If we want to have the best ‘overall outcome’, and we are certain that the other will also stay silent, then you might think that perhaps we would hypothetically cooperate and both serve 1 year. But if I’m certain that you will stay silent then I should logically decide to betray you and receive no punishment at all. If I did decide to stay silent, I would be exposed to the risk that you might rat me out, and I might have to spend my life in prison. So, the logical choice is for us both to defect - the options then would be i) I walk free or ii) I serve 5 years in prison.

When will the games end?

And we also often play an ‘iterated’ coordination games in society, where we play the same game over, which changes the benefits to you (payoffs) to be more rational to cooperate than defect (if you don’t know how many times you’ll interact with this person again).

Harvard psychologist Joshua Greene argues (video) that morals evolved as a way to enforce social norms and increase group cooperation.

Examples of coordination problems

Cooperative behavior of many animals can also be understood as an example of the prisoner's dilemma. Often animals engage in long term partnerships, which can be more specifically modeled as iterated prisoner's dilemma. For example, reciprocal food exchange (you feed me today and I’ll feed you tomorrow… or will I…?)

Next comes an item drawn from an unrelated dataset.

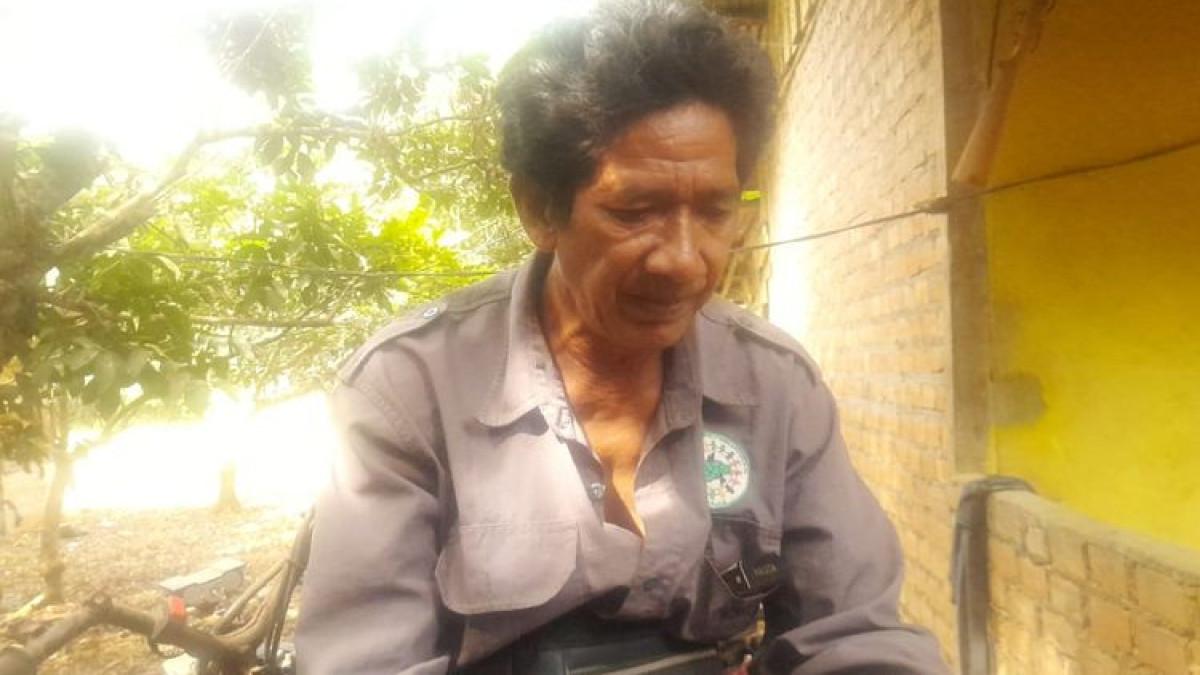 SUKU ANAK DALAM - Tokoh Suku Anak Dalam, Temenggung Sikar, saat ditemui di rumahnya di permukiman Suku Anak Dalam Desa Mentawak, Kabupaten Merangin, Jambi, Kamis (14/11/2025). Sikar merupakan ayah mertua Begendang, warga Suku Anak Daam yang merawat bocah korban penculikan asal Makassar, Bilqis.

Examples of the prisoner’s dilemma include: countries individually benefitting economically from not limiting their carbon emissions, to everyone’s detriment; athletes using performance enhancing drugs to be more individually competitive, when all athletes would be worse off if everyone did it; etc.

Advertising is also cited as a real-example of the prisoner’s dilemma. When cigarette advertising was legal in the United States, competing cigarette manufacturers had to decide how much money to spend on advertising. Advertising doesn’t increase the number of smokers by as much as it does take customers from other manufacturers. In this sense, advertising is not cooperating, because if the firm wants to keep their customers, they’ll have to spend more on advertising as well, leading to a downward spiral. When cigarette advertisements were banned, profits actually increased (as explained in this video).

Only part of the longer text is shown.